▶ What needs to be done
Filter these entries, keeping only lines that hold the word "Dress".

Records excerpted from a collection:
==================================================
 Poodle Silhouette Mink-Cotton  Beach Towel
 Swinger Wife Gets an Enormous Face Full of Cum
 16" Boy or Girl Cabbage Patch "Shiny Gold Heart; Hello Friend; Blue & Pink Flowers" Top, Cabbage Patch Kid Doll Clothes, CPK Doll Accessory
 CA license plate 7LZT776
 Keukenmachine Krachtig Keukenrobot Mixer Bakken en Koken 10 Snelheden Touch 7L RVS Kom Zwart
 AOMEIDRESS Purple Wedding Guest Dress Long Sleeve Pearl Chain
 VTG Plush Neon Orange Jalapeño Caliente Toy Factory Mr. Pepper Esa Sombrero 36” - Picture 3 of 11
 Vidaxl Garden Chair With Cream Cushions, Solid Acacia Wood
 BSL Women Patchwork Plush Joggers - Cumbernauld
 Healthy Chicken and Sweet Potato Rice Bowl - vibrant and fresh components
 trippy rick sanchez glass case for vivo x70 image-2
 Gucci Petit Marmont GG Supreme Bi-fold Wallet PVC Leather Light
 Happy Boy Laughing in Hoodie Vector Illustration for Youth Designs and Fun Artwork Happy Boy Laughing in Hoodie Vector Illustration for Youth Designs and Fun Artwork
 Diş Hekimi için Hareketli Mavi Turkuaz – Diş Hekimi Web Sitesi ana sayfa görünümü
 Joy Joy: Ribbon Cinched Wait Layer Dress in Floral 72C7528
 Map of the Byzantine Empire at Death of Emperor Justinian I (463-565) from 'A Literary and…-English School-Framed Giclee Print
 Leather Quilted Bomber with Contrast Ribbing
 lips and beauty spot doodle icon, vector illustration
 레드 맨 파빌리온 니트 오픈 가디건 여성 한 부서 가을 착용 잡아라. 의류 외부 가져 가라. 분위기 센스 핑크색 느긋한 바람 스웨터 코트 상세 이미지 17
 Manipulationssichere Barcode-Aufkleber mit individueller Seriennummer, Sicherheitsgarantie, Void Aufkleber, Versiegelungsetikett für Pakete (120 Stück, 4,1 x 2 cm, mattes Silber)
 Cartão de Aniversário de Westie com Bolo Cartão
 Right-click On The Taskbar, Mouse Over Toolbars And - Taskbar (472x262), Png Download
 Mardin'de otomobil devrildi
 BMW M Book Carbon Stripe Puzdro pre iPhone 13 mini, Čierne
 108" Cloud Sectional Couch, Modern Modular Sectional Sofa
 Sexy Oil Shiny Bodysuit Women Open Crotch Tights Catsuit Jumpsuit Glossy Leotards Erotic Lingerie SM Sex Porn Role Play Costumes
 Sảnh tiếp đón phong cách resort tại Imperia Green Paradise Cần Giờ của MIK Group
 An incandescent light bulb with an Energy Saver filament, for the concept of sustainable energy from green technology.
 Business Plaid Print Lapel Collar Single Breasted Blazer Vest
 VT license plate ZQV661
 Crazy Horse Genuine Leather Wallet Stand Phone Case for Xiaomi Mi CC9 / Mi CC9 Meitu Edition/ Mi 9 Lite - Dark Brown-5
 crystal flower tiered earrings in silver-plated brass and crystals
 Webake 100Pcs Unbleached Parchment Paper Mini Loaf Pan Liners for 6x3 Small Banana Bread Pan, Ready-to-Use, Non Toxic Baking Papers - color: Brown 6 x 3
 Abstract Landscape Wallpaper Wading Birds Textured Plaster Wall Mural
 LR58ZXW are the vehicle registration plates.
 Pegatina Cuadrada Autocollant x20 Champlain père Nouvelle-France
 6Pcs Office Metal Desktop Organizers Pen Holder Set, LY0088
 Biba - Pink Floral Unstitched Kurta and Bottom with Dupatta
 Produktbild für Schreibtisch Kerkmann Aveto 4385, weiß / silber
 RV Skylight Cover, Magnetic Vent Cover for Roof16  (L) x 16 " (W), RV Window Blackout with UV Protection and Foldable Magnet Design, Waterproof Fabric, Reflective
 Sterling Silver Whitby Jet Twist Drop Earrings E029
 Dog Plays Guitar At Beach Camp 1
==================================================
▶ Solution for this problem
 AOMEIDRESS Purple Wedding Guest Dress Long Sleeve Pearl Chain
 Joy Joy: Ribbon Cinched Wait Layer Dress in Floral 72C7528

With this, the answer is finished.